(MATERIALS PROVIDED):
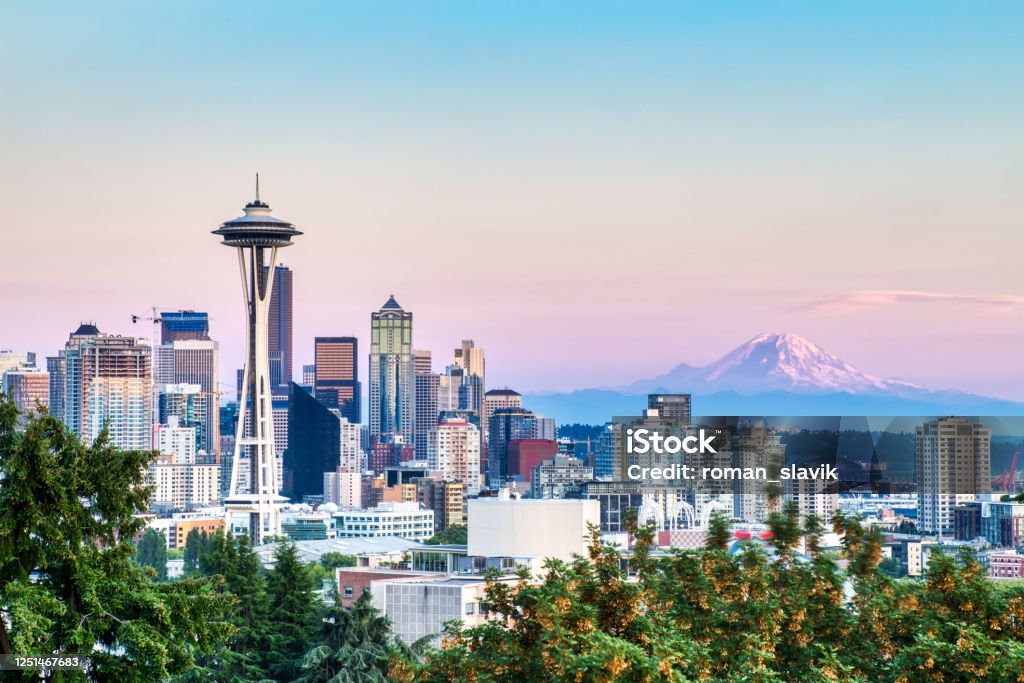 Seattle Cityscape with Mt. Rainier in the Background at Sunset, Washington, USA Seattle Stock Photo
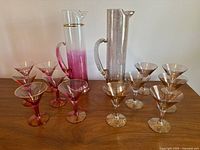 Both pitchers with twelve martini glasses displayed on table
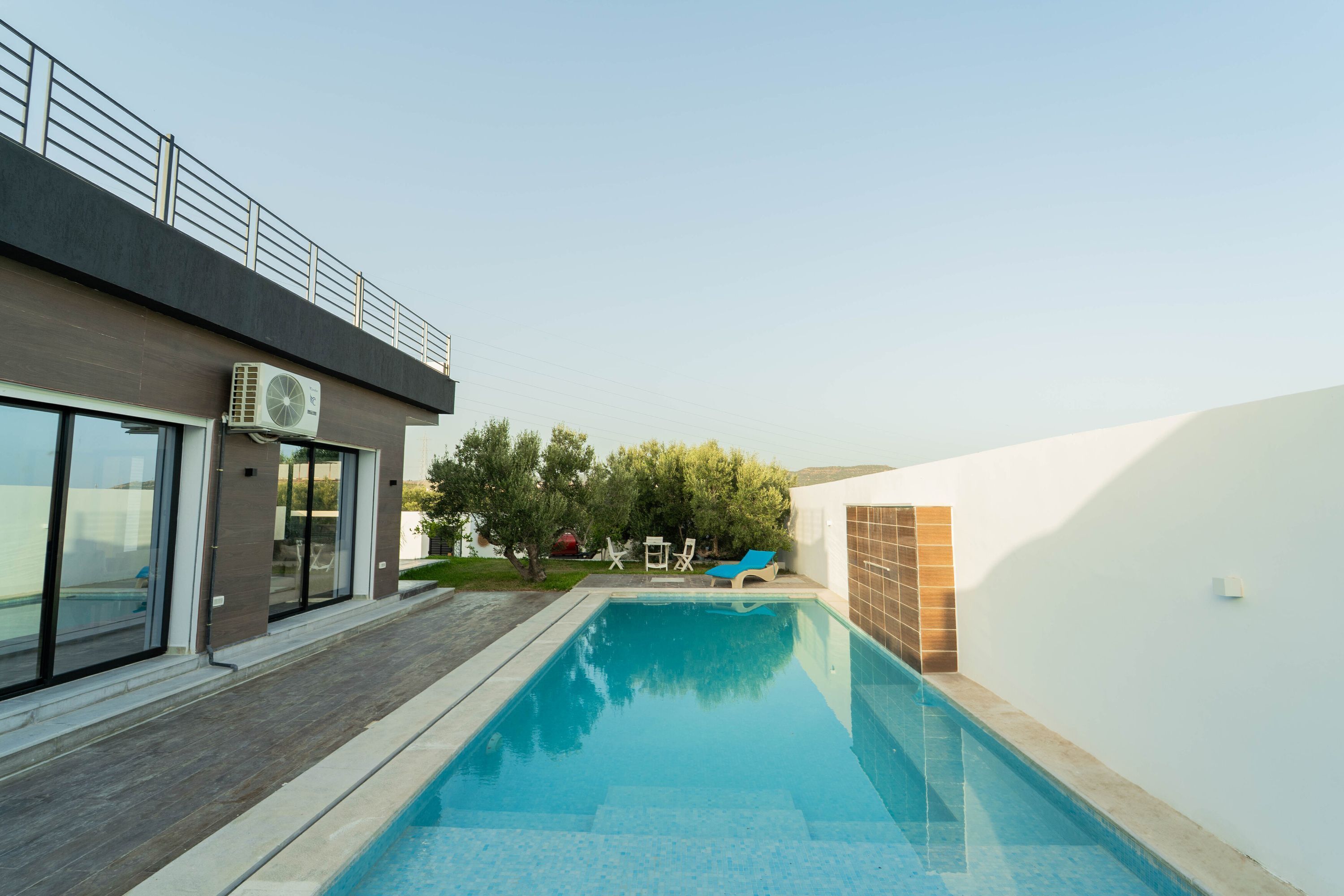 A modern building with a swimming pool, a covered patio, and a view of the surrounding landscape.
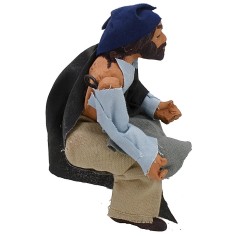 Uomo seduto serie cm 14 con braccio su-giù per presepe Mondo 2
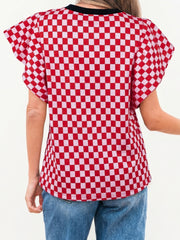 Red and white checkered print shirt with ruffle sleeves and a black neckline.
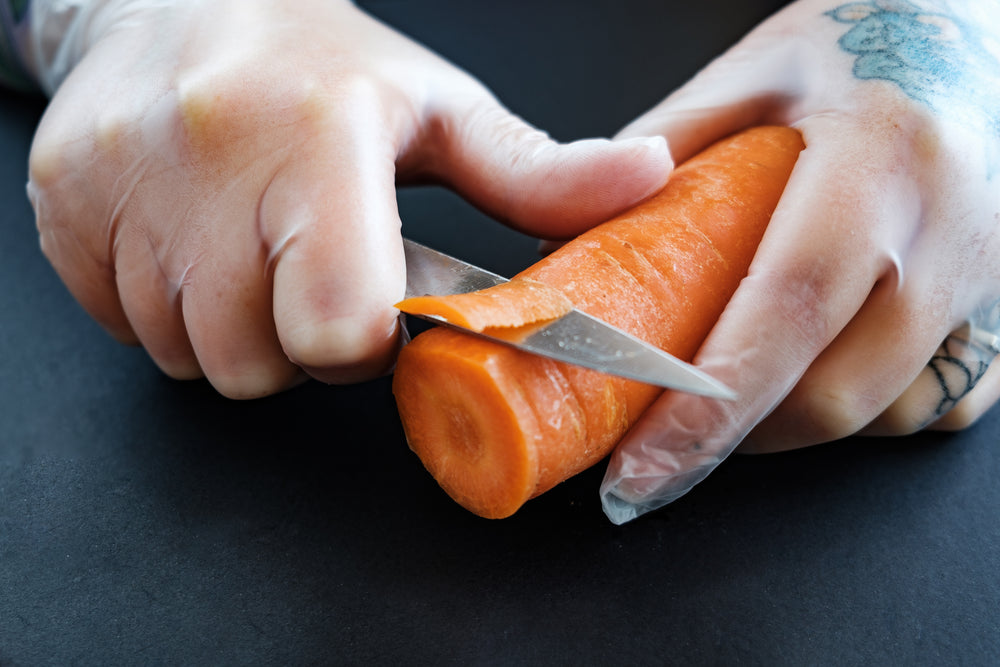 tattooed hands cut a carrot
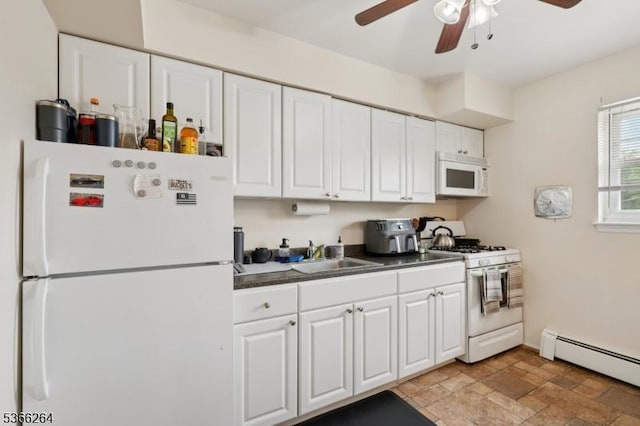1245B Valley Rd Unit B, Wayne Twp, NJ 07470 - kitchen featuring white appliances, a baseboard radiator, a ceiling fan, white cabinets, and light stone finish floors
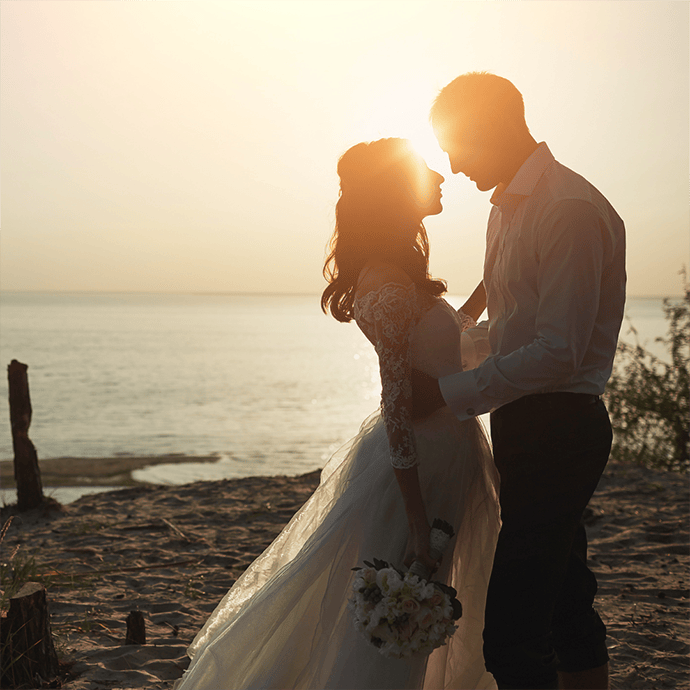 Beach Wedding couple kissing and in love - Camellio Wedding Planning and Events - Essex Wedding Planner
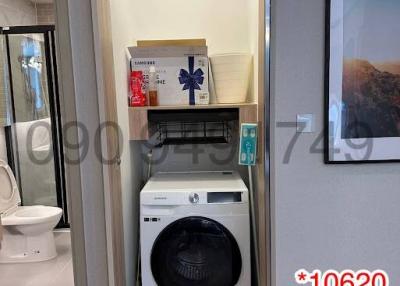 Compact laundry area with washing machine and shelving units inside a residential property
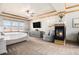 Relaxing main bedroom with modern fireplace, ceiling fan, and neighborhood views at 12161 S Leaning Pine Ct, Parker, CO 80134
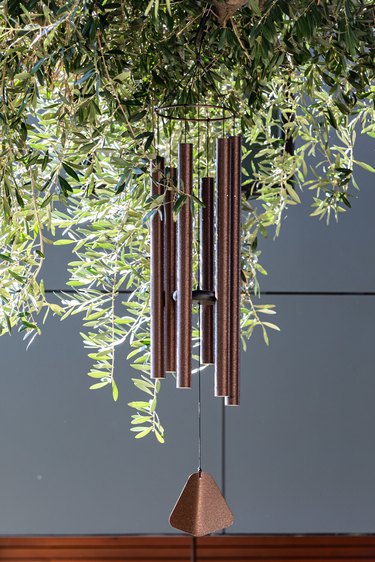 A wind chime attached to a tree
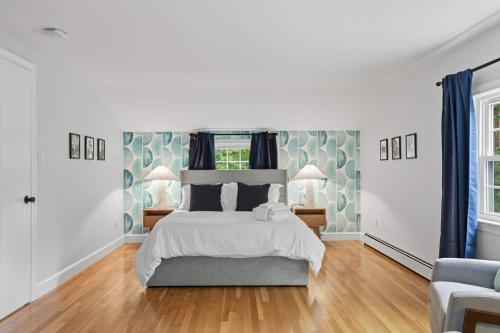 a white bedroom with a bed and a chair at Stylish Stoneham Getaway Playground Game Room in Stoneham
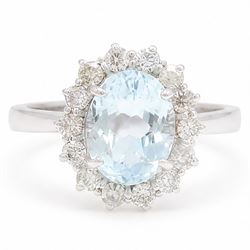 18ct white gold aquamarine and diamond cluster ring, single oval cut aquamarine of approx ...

(ABOUT THIS EXERCISE):
Exact copy, pictures omitted: every line from the one holding "Relaxing main bedroom" through the last line of the data above, and nothing else.

(TASK ANSWER):
 Relaxing main bedroom with modern fireplace, ceiling fan, and neighborhood views at 12161 S Leaning Pine Ct, Parker, CO 80134
 A wind chime attached to a tree
 a white bedroom with a bed and a chair at Stylish Stoneham Getaway Playground Game Room in Stoneham
 18ct white gold aquamarine and diamond cluster ring, single oval cut aquamarine of approx ...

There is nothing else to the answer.